An integrated current source comprising a discrete resistor having one side thereof electrically connected through a PNP transistor to a first DC supply voltage and through series connected base-emitter diodes of a first pair of NPN transistors to a temperature stable DC supply voltage. The other side of the resistor is electrically connected to ground through series connected base-emitter junctions of a second pair of NPN transistors, with the base emitter junctions of the first and second transistor pairs being poled in opposite directions. The NPN transistors are caused to have collector currents that make the base-emitter junction voltages cancel on opposite sides of the resistor. This causes the temperature stable supply voltage to be established across the resistor in order to set a reference current in it, and in an NPN transistor driving the load, that is substantially constant and independent of temperature.

Description

BACKGROUND OF INVENTION

This invention relates to current sources for transistor circuits and more particularly to a temperature compensated transistor current source that is suitable for manufacture in integrated circuit form.

Integrated current sources such as are described in chapter 4 of Analysis and Design of Analog Integrated Circuits by P. R. Gray and R. G. Meyer, John Wiley & Sons, 1977; section four of the booklet 101 Analog Integrated Circuit Designs by Interdesign; Inc., Sunnyvale, Calif., 1976; and U.S. Pat. No. 3,700,929, Oct. 24, 1972, Integrated Bi-Stable Circuit by T. M. Fredriksen, have been used in analog integrated circuits to make them less sensitive to power supply and temperature variations. In addition, improved temperature stability is provided by using a Zener diode to set a reference voltage in the current source. Although such a source is somewhat temperature compensated, it requires a supply voltage that must of necessity be greater than the Zener voltage, which may be greater than 7 volts. Temperature compensated integrated circuits are also described in U.S. Pat. Nos. 3,703,650, Nov. 21, 1972, by L. J. Kendall and 3,703,651, Nov. 21, 1972 by W. L. Blowers.
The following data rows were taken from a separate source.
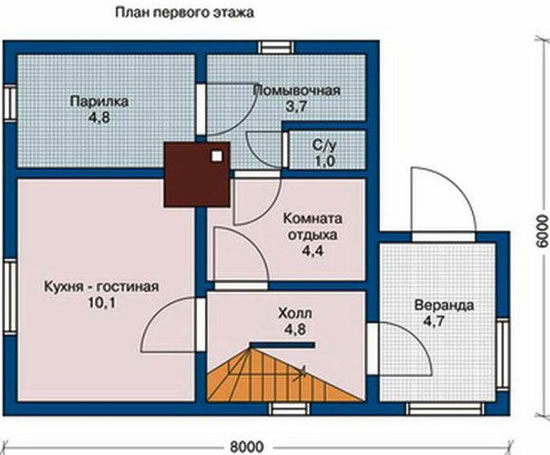 проекты домов бань с мансардой
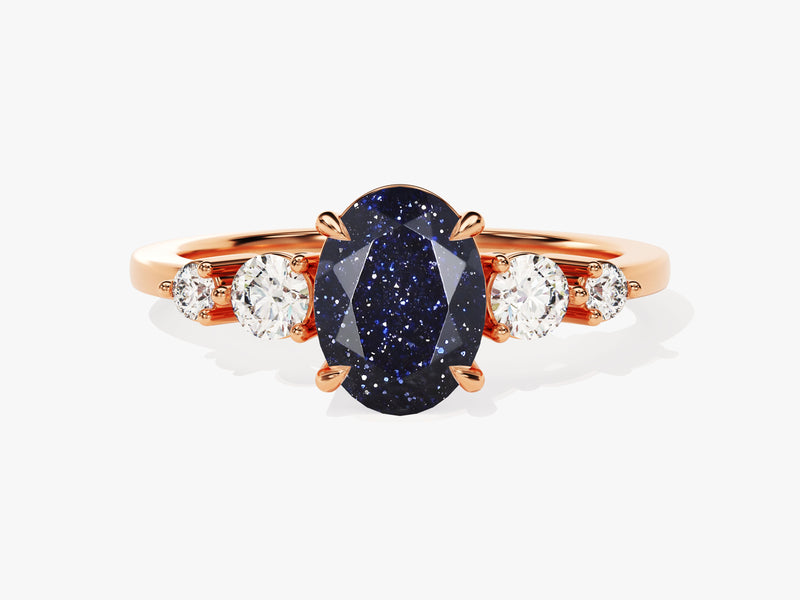 Oval Blue Sandstone Engagement Ring with Moissanite Sidestones.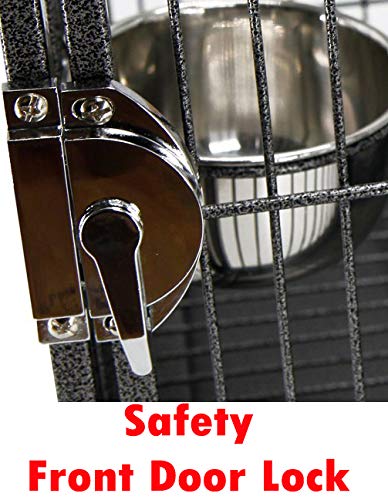 Deluxe Portable Wrought Iron Bird Travel Parrot Vet Carrier Cage (18" x 14" x 22"H / Black Vein)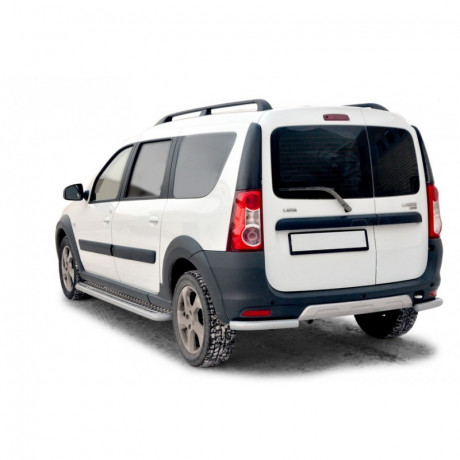 Защита заднего бампера «Уголки» для L@DA L@ЯGUS (d51), нержавеющая сталь купить недорого с доставкой в Москва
An object of this invention is the provision of an improved temperature compensated current source which is suitable for manufacture in integrated circuit form and which may operate from a supply voltage that is less than such a Zener voltage.

SUMMARY OF INVENTION

In accordance with this invention, one and other sides of a discrete resistor are electrically connected through the same number of series connected base-emitter junction diodes of transistors of the same conductivity type to a temperature stable DC supply voltage and a reference voltage, respectively, the one side of the resistor also being electrically connected to another DC supply voltage. The transistors on opposite sides of the resistor are poled in opposite directions. They are also caused to have base-emitter junction voltages that cancel on opposite sides of the resistor in the loop equation therethrough. This causes the voltage developed across the resistor, which also sets the reference current in it and in one of the transistors, to be substantially constant and independent of temperature.

DESCRIPTION OF DRAWINGS

FIG. 1 is a schematic circuit diagram of a preferred embodiment of this invention; and

FIG. 2 is a schematic circuit diagram illustrating a modified form of the embodiment in FIG. 1.
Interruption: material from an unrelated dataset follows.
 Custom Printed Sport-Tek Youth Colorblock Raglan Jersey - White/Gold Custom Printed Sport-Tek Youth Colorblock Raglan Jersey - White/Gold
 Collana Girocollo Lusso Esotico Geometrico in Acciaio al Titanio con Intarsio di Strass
DESCRIPTION OF PREFERRED EMBODIMENTS

Referring now to FIG. 1, there is shown an integrated current source 10 which provides a current I.sub.L for driving a load 12 which may, by way of example, be an integrated oscillator. The circuit components within the dashed lines (except for an external resistor R1) are formed as part of a monolithic integrated circuit which may include more components than are illustrated here.
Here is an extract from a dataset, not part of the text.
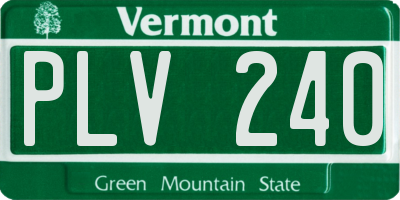 VT license plate PLV240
The integrated current source 10 comprises a plurality of NPN transistors Q1-Q9 and a PNP transistor Q10 which are formed in a semiconductor chip 14. Bonding pads or terminals 21-25 are also attached to the substrate of the chip in which the integrated circuit 10 is formed for making connection to sources of DC supply voltages. The NPN transistors have current gains .beta. that are typically greater than 100 for emitter currents I.sub.E of 1 .mu.A to 1 mA. They are also closely spaced together in the same orientation on the chip 14 so that they have closely matched characteristics. Recognizing that

V.sub.BE =(KT/q)ln(I.sub.E /I.sub.S) (1)

where K and q are constants, T is temperature, I.sub.S is saturation current, I.sub.E =I.sub.C for .beta.>50, and I.sub.C is collector current, then the transistors will have the same base-emitter voltages V.sub.BE if they pass the same values of collector current. The PNP transistor Q10 is preferably a dual collector transistor for providing good matching of the characteristics of the two halves thereof.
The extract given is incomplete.